Under the updated guidelines, providing consent for the processing of personal data or the use of tracking technologies, such as cookies, cannot be considered freely given if offered as a condition to use or access a website or service, “as the data subject is not presented with a genuine choice”. Accordingly, the placing of a cookie wall will not be sufficient to obtain valid consent for data processing. If your businesses or organisation is using this mechanism, you must update the consent boxes.
Unambiguous indication of wishes
The new EDPB guidelines further provide clarification concerning the question if scrolling or swiping through a website can qualify as an “unambiguous indication of a data subject’s wishes (…) by a clear affirmative action”.

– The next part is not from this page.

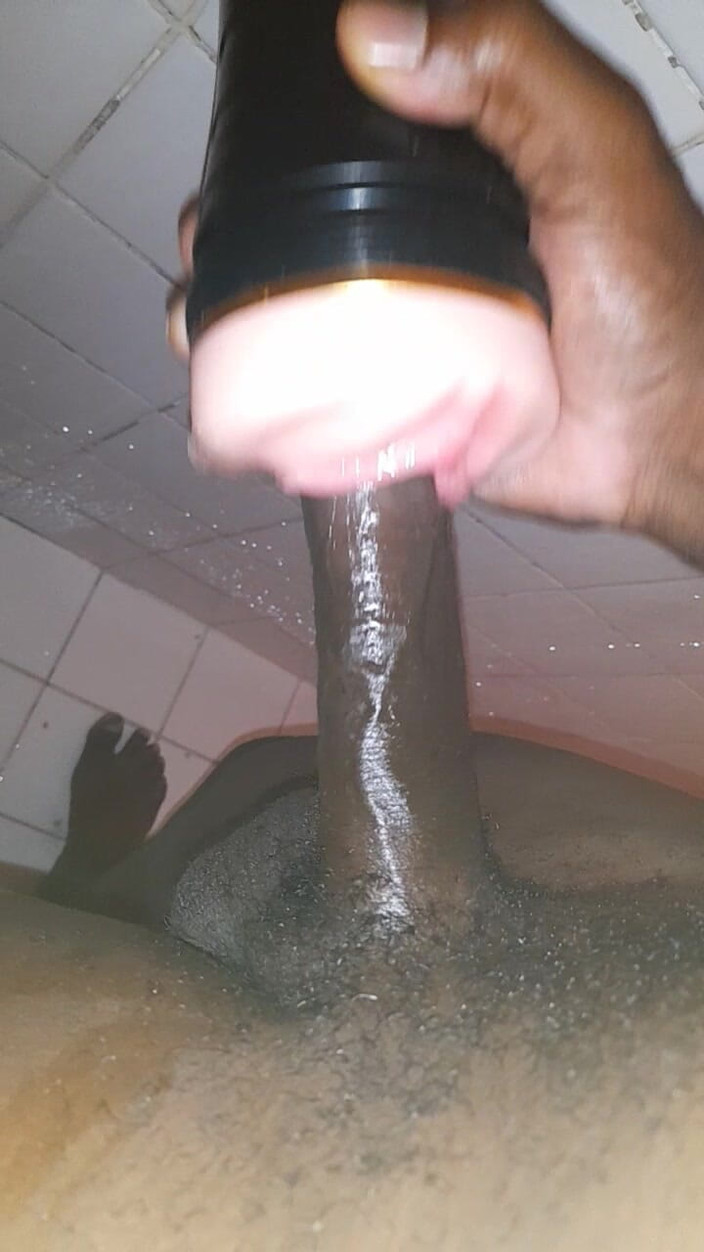 Black guy: Honění S9 E7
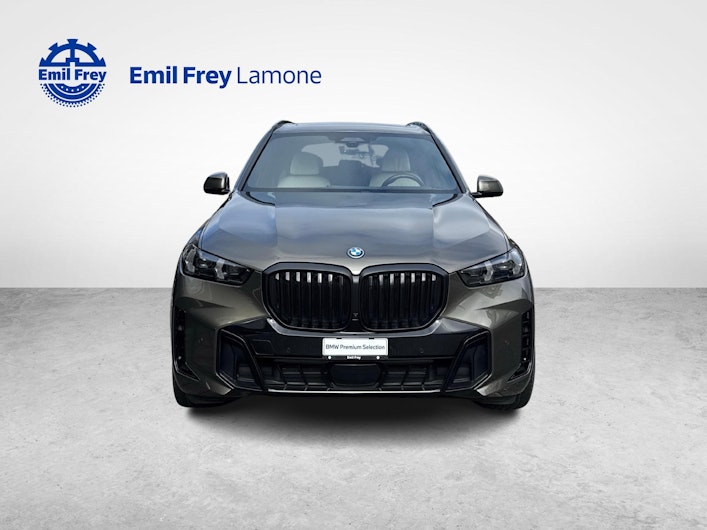 Vehicle image BMW X5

Therefore, the guidelines state: “the continued scrolling or swiping through a webpage cannot (…) satisfy the requirement of clear affirmative action”. It proceeds: “Such actions may be difficult to distinguish from other activity or interaction by a user and therefore determining that an unambiguous consent has been obtained will not be possible”. Art. 7 GDPR clearly states that for data subjects, it must be as easy to withdraw consent as it is to give consent. Thus, in a case of continued scrolling or swiping through a webpage, “it will be difficult to provide a way for the user to withdraw consent in a manner that is as easy as granting it”.
The EDPB stresses that consent by scrolling or swiping a webpage will never constitute valid consent. Also, based on the impossibility for controllers to ascertain whether the consent was unambiguous, controllers will not be able to provide data subjects with an equally easy way of withdrawing consent. Thus, explicit, affirmative action is needed, which you, as a controller, can obtain by giving a clear choice between yes and no.

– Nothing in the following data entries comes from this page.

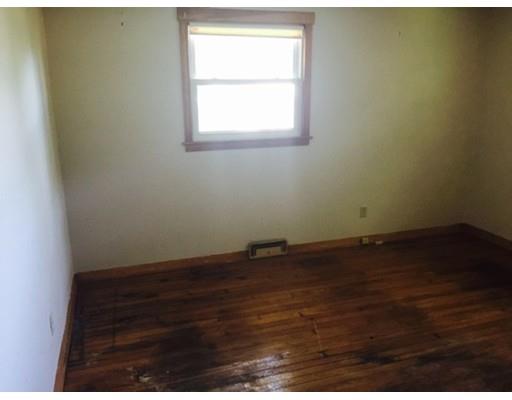 149 Louis Rd, Springfield, MA 01118 photo 12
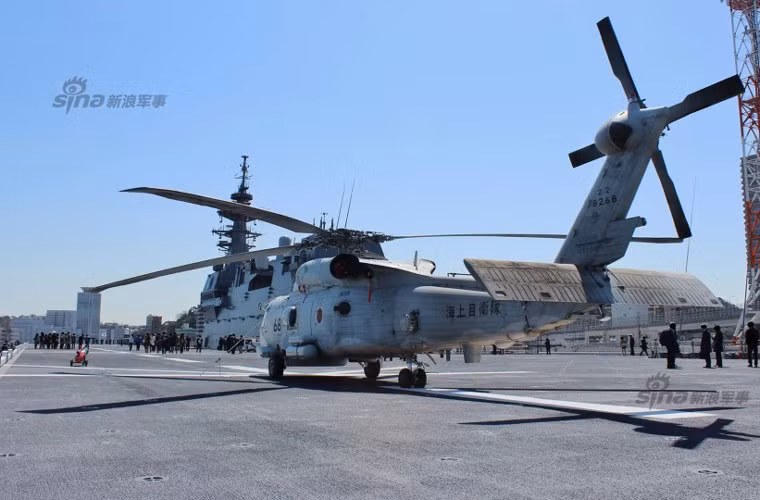 Theo các thông tin được công bố, tàu có thể tới 28 chiếc máy bay các loại (chủ yếu là trực thăng). Tuy nhiên, trong hoạt động tác chiến thông thường nó chỉ chở 7 trực thăng săn ngầm 2 trực thăng cứu hộ.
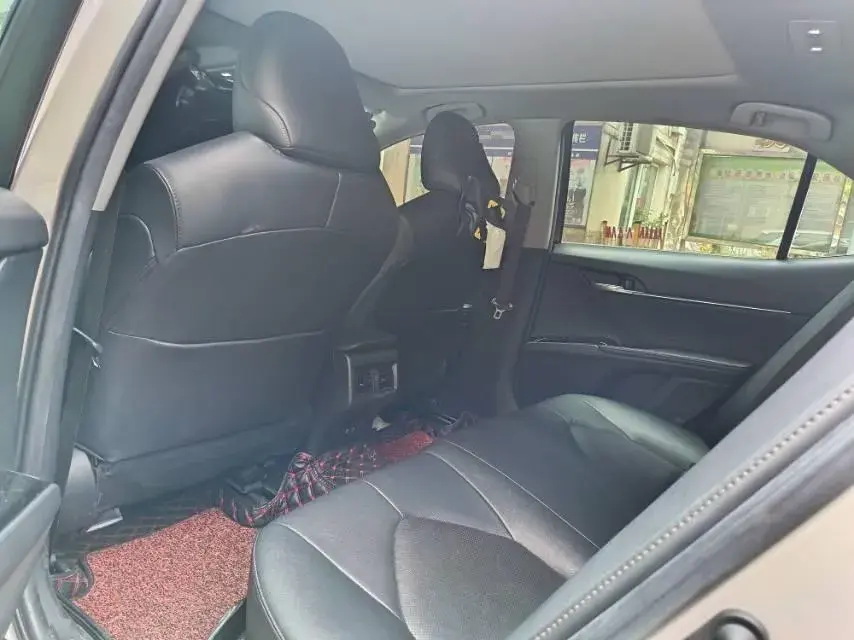 2019 TOYOTA CAMRY thumbnail 3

The updated EDPB guidelines strongly emphasise the need for valid consent and the data subject’s free choice to consent to the processing of personal data, as well as the rights to withdraw this consent.
Therefore, as a website operator, you should ensure that the website does not ask users to provide consent either by placing a cookie wall or consider the continued scrolling or swiping through a webpage as valid consent. Instead, you should follow the following practical recommendations to ensure you obtain valid consent from data subjects, per the updated guidelines:
- You must understand what cookies are in use, confirm their purpose, identify what data each cookie processes, how long cookies store data, if they are strictly necessary cookies and whether they are 1st or 3rd party cookies.
- Once you have established the use and purpose for each cookie, you need to ensure you provide clear and easy to understand information about the cookies. Accordingly, the information must be comprehensive to the data subjects and cover details of the purpose of the cookies used.
- To use the cookies, you need to implement a consent mechanism that allows users of the website to control the setting of all cookies that are not strictly necessary. Obtaining consent must be in line with GDPR’s requirements. As the updated guidelines reaffirm, consent must be freely given, and individuals must have a real choice to consent or reject the processing of personal data. Accordingly, the opportunity to withdraw consent without detriment must be implemented. Therefore, it is not sufficient to place pre-ticked consent buttons as default settings on cookie banners. Accordingly, only a “yes” option is insufficient, and you must ensure both a “yes” and a “no” option is presented and equally visible to the user.